*Scraped caption text data*.
###

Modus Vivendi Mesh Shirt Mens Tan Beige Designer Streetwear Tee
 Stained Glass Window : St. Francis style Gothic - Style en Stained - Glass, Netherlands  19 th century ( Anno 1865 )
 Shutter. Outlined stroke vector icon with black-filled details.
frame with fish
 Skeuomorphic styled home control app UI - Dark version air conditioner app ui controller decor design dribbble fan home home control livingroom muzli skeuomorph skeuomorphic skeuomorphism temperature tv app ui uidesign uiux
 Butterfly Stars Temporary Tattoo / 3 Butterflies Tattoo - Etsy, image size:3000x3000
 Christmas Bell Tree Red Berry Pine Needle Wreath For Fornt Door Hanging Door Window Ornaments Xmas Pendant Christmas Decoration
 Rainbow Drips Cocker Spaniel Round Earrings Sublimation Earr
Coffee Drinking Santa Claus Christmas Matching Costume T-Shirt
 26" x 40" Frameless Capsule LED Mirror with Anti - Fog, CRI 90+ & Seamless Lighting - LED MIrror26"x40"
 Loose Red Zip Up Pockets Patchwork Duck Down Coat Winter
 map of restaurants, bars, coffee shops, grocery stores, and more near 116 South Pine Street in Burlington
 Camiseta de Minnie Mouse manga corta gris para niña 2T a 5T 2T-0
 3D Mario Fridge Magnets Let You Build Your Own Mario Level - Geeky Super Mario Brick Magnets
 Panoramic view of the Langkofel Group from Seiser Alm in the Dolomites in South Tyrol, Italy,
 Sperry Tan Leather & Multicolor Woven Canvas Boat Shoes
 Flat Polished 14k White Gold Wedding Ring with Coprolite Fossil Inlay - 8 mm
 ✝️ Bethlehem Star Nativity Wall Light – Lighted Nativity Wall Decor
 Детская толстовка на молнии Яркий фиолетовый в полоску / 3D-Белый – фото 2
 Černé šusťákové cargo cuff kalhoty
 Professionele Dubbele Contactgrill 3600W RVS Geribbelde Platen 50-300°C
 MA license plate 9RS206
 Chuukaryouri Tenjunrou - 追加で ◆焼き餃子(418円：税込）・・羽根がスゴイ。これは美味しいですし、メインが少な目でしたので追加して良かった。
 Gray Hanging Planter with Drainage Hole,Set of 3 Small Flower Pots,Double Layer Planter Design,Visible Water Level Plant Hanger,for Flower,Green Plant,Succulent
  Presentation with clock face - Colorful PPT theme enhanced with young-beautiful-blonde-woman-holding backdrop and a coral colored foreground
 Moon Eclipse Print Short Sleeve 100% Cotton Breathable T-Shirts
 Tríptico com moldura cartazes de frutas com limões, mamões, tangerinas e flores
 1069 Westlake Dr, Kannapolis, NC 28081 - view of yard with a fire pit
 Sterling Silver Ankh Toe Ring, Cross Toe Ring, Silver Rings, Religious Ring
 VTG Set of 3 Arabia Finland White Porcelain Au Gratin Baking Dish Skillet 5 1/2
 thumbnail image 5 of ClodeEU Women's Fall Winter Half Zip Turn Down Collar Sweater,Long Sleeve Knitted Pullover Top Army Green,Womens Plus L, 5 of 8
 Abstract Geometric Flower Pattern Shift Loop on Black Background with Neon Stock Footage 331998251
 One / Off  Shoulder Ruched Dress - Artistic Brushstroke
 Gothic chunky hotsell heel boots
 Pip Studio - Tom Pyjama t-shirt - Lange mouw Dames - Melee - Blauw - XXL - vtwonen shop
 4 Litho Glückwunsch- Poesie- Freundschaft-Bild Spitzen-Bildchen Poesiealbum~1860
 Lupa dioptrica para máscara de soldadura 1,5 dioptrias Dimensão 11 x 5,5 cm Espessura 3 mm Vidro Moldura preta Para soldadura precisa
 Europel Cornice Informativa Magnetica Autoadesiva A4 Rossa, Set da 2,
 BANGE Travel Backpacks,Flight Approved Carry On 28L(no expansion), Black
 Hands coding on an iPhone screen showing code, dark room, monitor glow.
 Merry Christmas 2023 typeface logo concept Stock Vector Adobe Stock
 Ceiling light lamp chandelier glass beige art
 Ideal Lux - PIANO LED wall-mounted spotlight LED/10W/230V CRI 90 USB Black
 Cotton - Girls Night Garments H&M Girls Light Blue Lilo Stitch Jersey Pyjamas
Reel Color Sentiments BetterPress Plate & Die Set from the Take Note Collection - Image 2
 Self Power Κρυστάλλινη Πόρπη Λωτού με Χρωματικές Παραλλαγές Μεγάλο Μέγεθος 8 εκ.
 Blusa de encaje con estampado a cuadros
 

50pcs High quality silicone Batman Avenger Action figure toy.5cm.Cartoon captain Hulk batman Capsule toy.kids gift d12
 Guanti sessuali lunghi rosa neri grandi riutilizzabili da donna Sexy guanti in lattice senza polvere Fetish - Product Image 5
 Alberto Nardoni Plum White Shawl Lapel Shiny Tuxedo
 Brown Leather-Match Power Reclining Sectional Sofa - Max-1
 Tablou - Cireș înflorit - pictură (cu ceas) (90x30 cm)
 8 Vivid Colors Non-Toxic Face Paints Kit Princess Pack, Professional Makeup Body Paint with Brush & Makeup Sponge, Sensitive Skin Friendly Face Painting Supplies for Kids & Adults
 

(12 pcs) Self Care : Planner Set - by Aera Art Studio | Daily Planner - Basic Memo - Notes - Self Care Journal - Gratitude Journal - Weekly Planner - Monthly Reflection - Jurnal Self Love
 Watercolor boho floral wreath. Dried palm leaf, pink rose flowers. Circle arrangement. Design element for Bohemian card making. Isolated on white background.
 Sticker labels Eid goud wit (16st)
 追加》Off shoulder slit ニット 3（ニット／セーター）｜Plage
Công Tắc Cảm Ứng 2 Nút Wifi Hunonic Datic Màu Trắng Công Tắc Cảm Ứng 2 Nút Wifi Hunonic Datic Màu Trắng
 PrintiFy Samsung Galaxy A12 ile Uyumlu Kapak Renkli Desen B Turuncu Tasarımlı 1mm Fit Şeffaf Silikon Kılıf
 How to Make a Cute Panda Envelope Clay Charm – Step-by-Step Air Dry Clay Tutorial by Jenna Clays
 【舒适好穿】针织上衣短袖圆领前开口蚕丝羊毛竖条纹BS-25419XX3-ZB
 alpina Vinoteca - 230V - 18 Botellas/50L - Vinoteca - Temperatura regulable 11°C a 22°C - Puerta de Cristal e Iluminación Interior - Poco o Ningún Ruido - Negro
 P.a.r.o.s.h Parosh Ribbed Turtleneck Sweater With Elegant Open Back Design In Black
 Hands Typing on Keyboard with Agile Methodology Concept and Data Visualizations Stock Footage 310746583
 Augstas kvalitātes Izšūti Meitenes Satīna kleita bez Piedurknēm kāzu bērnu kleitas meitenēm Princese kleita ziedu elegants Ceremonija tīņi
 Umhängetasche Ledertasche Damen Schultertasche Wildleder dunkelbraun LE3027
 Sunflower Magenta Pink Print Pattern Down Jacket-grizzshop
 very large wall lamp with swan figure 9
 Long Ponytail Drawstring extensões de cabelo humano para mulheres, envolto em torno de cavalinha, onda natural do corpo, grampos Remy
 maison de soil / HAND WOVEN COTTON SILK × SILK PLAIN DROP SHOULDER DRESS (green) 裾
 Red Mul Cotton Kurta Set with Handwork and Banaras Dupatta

###

*What this task involves*. When you reach the line containing "Sterling Silver Ankh" in the data above, start copying exactly, and stop after the line containing "thumbnail image 5".

*Solution below*.
 Sterling Silver Ankh Toe Ring, Cross Toe Ring, Silver Rings, Religious Ring
 VTG Set of 3 Arabia Finland White Porcelain Au Gratin Baking Dish Skillet 5 1/2
 thumbnail image 5 of ClodeEU Women's Fall Winter Half Zip Turn Down Collar Sweater,Long Sleeve Knitted Pullover Top Army Green,Womens Plus L, 5 of 8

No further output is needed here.